Is your feature request related to a problem? Please describe. The existing
turbot_*
tables are insufficient to cover the breadth of the Turbot API. Further, queries like resource_control_policy.graphql are easy to do in raw GraphQL but painful to do in Steampipe.There is also considerable difficulty for users new to Turbot and to Steampipe with grokking where the filtering happens, whether Turbot-side or Steampipe-side. This difficulty can lead to long running queries when a user specifies Steampipe-side filtering then unintentionally pulls over hundreds of thousands of rows from Turbot.
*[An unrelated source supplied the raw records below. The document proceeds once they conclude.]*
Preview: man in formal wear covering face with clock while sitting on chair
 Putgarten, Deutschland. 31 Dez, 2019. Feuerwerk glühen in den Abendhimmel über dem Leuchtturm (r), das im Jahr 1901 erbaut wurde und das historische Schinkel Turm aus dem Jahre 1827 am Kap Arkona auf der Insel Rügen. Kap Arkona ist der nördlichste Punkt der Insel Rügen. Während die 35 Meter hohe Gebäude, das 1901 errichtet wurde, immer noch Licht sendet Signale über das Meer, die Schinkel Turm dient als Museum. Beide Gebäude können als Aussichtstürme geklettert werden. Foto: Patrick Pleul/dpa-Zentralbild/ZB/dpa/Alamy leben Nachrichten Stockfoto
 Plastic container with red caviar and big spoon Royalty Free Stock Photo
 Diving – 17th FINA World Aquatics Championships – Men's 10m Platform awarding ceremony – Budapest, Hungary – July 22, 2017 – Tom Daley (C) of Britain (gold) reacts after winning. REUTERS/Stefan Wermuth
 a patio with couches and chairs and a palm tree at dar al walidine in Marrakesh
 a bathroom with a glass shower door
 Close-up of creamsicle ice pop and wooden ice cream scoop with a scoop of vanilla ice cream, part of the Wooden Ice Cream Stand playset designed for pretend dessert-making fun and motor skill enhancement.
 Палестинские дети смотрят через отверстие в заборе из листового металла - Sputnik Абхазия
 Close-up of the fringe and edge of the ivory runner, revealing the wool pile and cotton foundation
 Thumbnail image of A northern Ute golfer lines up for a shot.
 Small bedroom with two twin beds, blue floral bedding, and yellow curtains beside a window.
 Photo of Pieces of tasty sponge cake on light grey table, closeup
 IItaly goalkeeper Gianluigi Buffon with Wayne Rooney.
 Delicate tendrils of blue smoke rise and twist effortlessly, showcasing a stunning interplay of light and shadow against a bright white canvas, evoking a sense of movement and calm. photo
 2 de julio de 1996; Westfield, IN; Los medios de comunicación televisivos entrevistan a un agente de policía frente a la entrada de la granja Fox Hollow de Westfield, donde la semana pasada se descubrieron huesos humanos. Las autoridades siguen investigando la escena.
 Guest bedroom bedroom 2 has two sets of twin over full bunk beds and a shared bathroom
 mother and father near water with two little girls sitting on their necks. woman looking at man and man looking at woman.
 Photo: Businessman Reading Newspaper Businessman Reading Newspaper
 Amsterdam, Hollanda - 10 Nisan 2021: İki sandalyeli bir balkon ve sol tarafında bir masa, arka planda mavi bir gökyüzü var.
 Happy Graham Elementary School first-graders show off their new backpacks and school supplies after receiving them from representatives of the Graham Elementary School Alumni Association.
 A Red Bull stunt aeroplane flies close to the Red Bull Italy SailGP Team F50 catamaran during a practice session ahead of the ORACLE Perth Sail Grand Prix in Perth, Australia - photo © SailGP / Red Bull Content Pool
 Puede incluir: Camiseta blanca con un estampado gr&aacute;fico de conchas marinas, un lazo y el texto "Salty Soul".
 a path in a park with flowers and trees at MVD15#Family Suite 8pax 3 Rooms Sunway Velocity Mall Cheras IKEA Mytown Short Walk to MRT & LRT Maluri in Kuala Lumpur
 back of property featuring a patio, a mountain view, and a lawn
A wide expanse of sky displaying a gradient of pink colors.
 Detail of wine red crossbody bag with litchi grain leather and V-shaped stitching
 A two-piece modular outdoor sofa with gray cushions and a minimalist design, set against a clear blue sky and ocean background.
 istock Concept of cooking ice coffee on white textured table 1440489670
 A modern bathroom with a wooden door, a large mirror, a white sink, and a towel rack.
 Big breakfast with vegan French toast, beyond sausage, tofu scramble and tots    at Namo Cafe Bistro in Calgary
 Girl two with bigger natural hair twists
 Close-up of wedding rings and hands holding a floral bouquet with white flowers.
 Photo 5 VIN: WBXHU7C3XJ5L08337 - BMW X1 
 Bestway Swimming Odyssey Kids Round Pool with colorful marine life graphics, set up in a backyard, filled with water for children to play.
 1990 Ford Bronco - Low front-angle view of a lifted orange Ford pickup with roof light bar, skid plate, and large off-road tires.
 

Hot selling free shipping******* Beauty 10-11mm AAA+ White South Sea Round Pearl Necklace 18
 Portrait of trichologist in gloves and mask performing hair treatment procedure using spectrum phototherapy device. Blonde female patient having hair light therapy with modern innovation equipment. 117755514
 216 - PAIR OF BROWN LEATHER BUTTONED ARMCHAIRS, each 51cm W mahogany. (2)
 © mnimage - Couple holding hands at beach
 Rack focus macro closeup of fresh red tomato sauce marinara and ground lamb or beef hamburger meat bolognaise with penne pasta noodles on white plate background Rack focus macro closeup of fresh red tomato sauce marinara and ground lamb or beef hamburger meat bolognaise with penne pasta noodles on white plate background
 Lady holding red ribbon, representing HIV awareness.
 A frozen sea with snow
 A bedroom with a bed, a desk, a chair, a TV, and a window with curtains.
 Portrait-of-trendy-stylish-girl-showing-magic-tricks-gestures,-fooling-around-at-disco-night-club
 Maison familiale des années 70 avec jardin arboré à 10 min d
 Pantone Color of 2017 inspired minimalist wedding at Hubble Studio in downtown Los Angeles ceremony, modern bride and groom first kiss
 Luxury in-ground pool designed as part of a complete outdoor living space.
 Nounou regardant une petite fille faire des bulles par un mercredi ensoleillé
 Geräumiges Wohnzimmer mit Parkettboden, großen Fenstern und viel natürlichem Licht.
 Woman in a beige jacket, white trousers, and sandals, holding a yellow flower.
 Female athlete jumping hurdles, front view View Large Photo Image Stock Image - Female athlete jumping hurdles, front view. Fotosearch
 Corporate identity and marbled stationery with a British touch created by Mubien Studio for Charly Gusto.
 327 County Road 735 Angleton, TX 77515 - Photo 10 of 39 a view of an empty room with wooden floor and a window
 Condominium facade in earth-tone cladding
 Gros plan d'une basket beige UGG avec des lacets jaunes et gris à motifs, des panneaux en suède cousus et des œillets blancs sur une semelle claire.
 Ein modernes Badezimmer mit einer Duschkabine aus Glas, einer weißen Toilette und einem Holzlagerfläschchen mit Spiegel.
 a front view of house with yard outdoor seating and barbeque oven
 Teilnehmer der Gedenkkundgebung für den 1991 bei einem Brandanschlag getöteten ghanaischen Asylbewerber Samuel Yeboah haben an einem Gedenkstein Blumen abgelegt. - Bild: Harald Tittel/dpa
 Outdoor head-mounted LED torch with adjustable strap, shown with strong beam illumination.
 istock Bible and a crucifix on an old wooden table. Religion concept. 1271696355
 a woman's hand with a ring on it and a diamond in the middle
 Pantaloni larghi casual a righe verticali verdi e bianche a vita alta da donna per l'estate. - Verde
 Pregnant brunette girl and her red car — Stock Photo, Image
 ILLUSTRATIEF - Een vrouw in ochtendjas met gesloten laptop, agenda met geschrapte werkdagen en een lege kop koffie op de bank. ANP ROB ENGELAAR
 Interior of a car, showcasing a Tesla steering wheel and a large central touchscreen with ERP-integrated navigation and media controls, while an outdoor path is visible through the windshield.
I believe/hope that if the user specifies the GraphQL themselves, it will be clear to them where the filtering/joining is happening.
Describe the solution you'd like Specify a path to a file or directory on the local file system that contains GraphQL files. On launch, Steampipe will parse these query files then autogenerate tables and columns to match these queries. The overal operation would be similar to how dynamic tables are created for the
CSV
,Terraform
andGoogleSheets
plugins.Describe alternatives you've considered There aren't any really, other than to write the GraphQL queries into a general purpose programming language.
Additional context The Turbot GraphQL API is incredibly rich. The current approach to statically defined tables removes some of that richness and imposes additional development load on Turbot plugin developers to implement each new table.